[SUPPLIED INFORMATION — start]

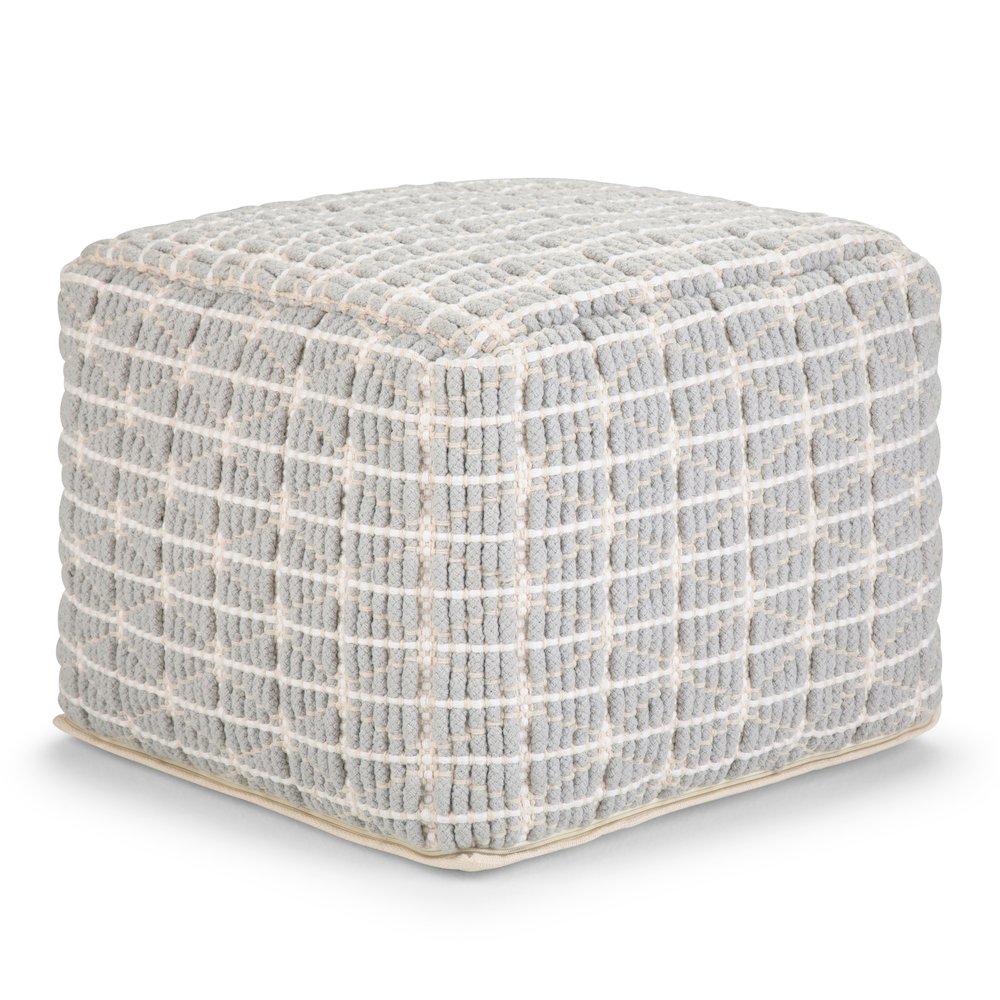 Noreen Square Pouf In Light Blue, White Handloom Woven Pattern. Picture 1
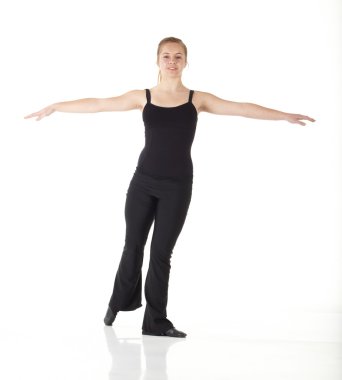 Genç Beyaz modern jazz dansçısı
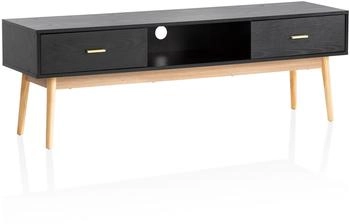 Finebuy Lowboard TV Schrank 150 cm Schwarz Schubladen Fernsehkommode Eiche (150 x 50 x 40 cm) Schwarz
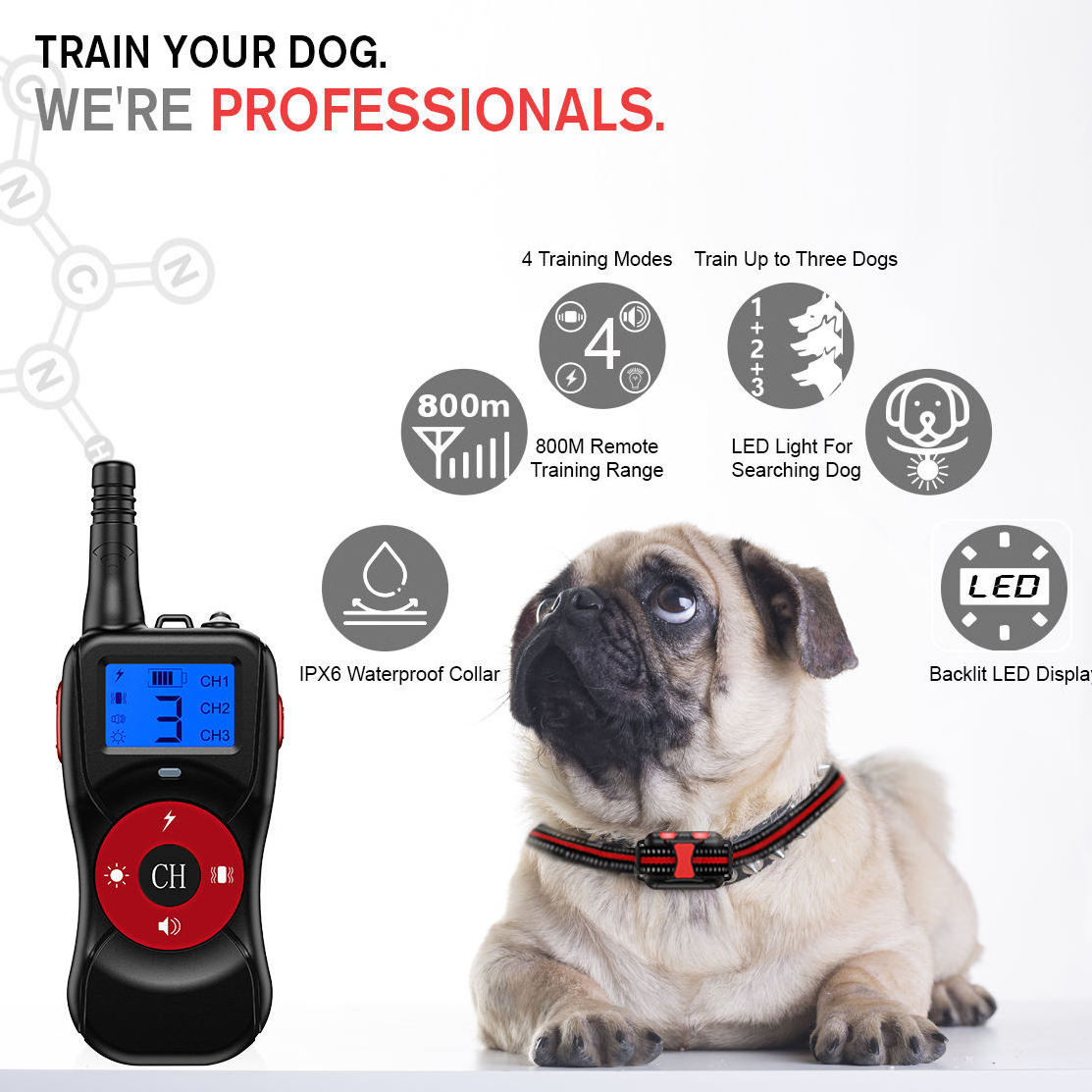 Electronic dog training collar Rechargeable Slave Remote Controlled Shock Pet Dog Training Collar For Dog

[SUPPLIED INFORMATION — finish]

[THE TASK]:
Could the material above be written out again word for word, with the pictures dropped?

[TASK RESULT]:
 Noreen Square Pouf In Light Blue, White Handloom Woven Pattern. Picture 1
 Genç Beyaz modern jazz dansçısı
 Finebuy Lowboard TV Schrank 150 cm Schwarz Schubladen Fernsehkommode Eiche (150 x 50 x 40 cm) Schwarz
 Electronic dog training collar Rechargeable Slave Remote Controlled Shock Pet Dog Training Collar For Dog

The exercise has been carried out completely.